A good evening to you up there in England.
Have a look at this, Anny. You might have more context to judge it than I have, since it’s one Italian linguist on another Italian linguist, and there may be a subtext I’m not getting:
I thought this was a bit over the top when I first read it some time ago (and Pacitti certainly has an axe to grind, and not just when it comes to Gotti) but the more I read of Gotti’s work, the more I’m inclined to agree. “Shoddy scholarship” doesn’t begin to describe it.
(I wish that I could find something positive to say about Gotti’s work on English cant, but other than that he at least notices Halliday’s work, my feelings about his scholarship go well beyond the libellous into the area of the unprintable!)

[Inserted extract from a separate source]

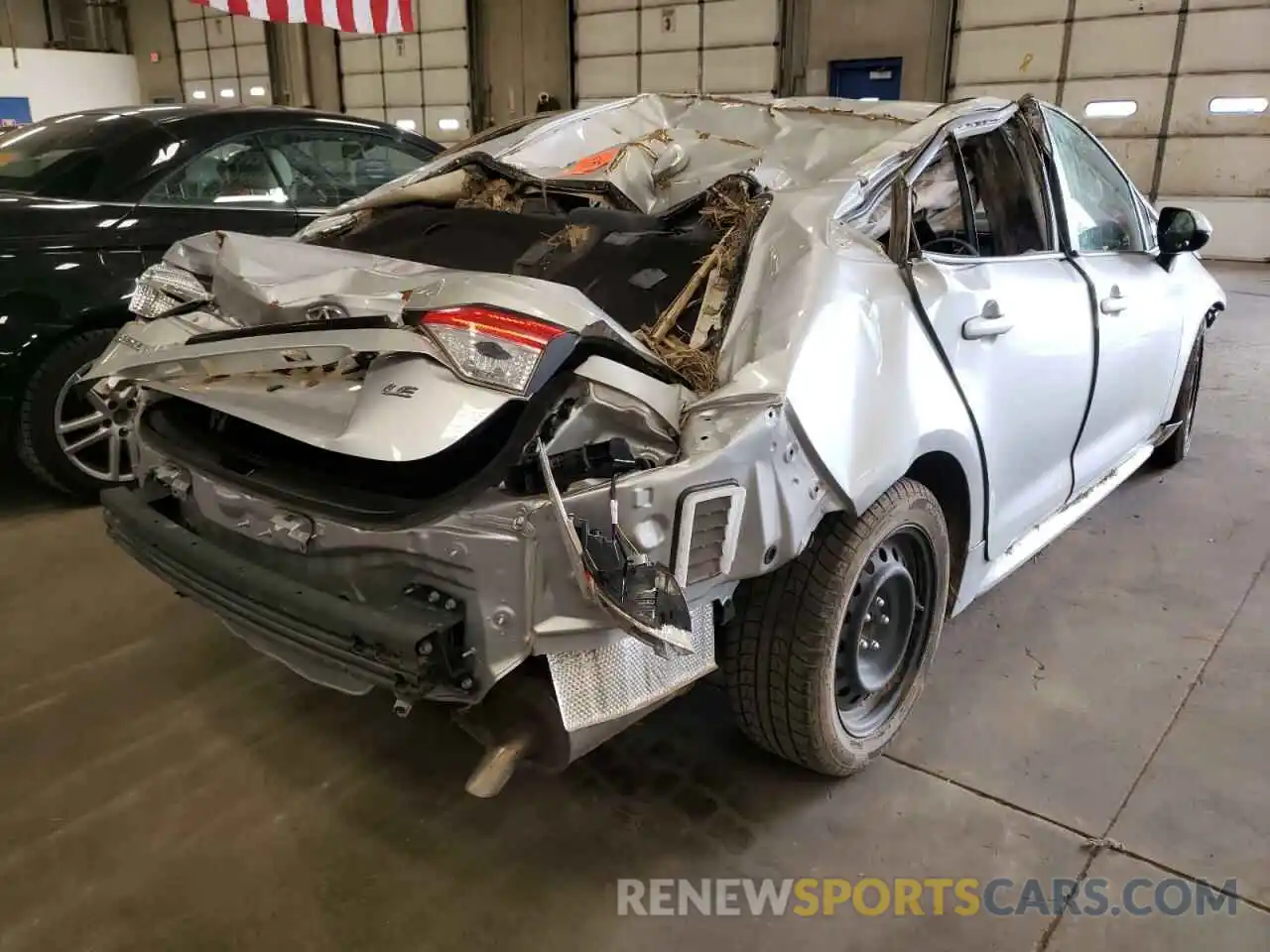 4 Photograph of a damaged car JTDEPRAE8LJ103438 TOYOTA COROLLA 2020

On Sun, Oct 31, 2010 at 6:36 PM, Robin Hamilton <robin.hamilton3 at virginmedia.com> wrote:
Considering Bob's question, and the points made by Jeffrey, I realised that I was uncomfortable about this whole business of adjectival particles or whatever, for two reasons -- one is that it seems to me to stink of the imposition of Latin grammar onto English, and the other being that I'm not sure (to come round to Bob's point about classification) that this particular category is necessary.
First thing I did was to wonder how the OED classified "taut", meaning 'firm, tense', formed from the past participle form of "tight".